What to produce =
Could you print the full listing again, exactly as written?

Data =
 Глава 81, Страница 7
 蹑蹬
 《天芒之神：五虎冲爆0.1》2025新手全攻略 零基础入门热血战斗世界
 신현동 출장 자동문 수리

Expected output =
 Глава 81, Страница 7
 蹑蹬
 《天芒之神：五虎冲爆0.1》2025新手全攻略 零基础入门热血战斗世界
 신현동 출장 자동문 수리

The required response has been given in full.